Ha citato Pasolini. D'obbligo un suo ricordo...
Da piccolo ne avevo paura, non avrei voluto mai incontrarlo. Confesso le mie colpe. Gli amici della borgata mi raccontavano su di lui cose molto dure, me lo descrivevano come poco raccomandabile. Poi crescendo mi sono avvicinato ai suoi scritti scoprendo il desiderio di conoscerlo. Nel '75, quando morì, io ero appena uscito da quella fase di repulsione. Troppo tardi. Se fosse stato in vita oggi avrei preso volentieri un caffè con lui.
Celentano e la Tv. Le è piaciuto il programma e...ne farebbe un altro tutto suo?
Quella di Adriano non è una scelta artistica, ma una scelta di linguaggio. Lui ha scelto di esprimersi così.

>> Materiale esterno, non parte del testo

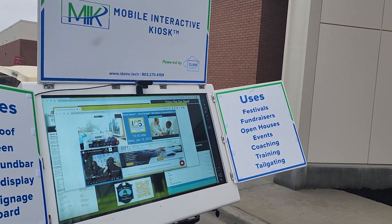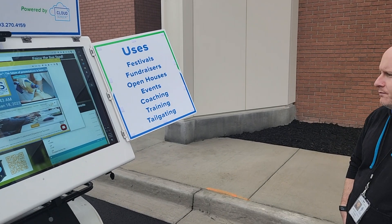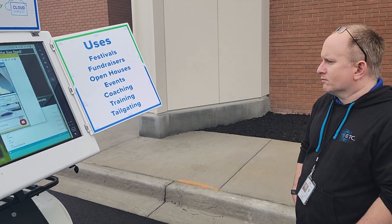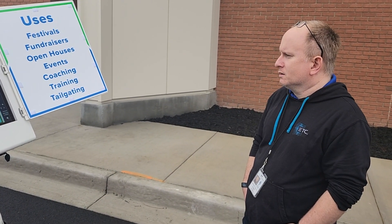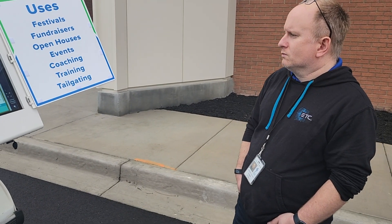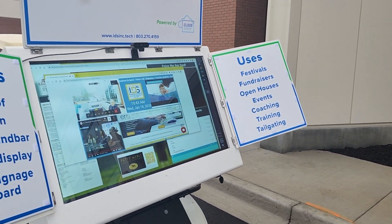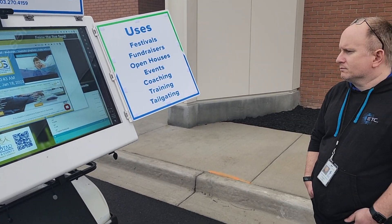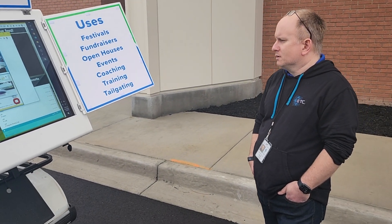We're looking at the mobile interactive kiosk, or MIC, running Cloud Screen, and you were talking about basketball tournaments, the sponsors, and that sort of thing. What are other uses for the mobile kiosk technology and Cloud Screen?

Di certo lui è una garanzia, ha lavorato sulla sua pelle. Io rock o lento? Non mi piace questa divisione, lascia fuori troppi stili. E io mi sento bossa nova. No, non tornerei in Tv. Lo farei soltanto a determinate condizioni, anzi una: che mi diano un budget e mi lascino libero di farne ciò che voglio. Credo che si scontri con la mentalità di Rai e Mediaset.
Zero a Sanremo?
Sanremo lo guarderò. Panariello sa benissimo che io andrò al Festival soltanto se ne avrò voglia. Gli amici veri non devono pretendere, ma scoraggiarti a fare le cose per amicizia... Sono io a dover trovare la motivazione giusta. Andare come ospite non mi sembra corretto, mi sembra fuori luogo di fronte a colleghi in gara. Ma poi rifletto: gli ospiti italiani al Festival ci sono sempre stati. E a molti piace proprio essere in gara...
Torniamo all'album. Perché oggi un J'accuse come Radio o non radio?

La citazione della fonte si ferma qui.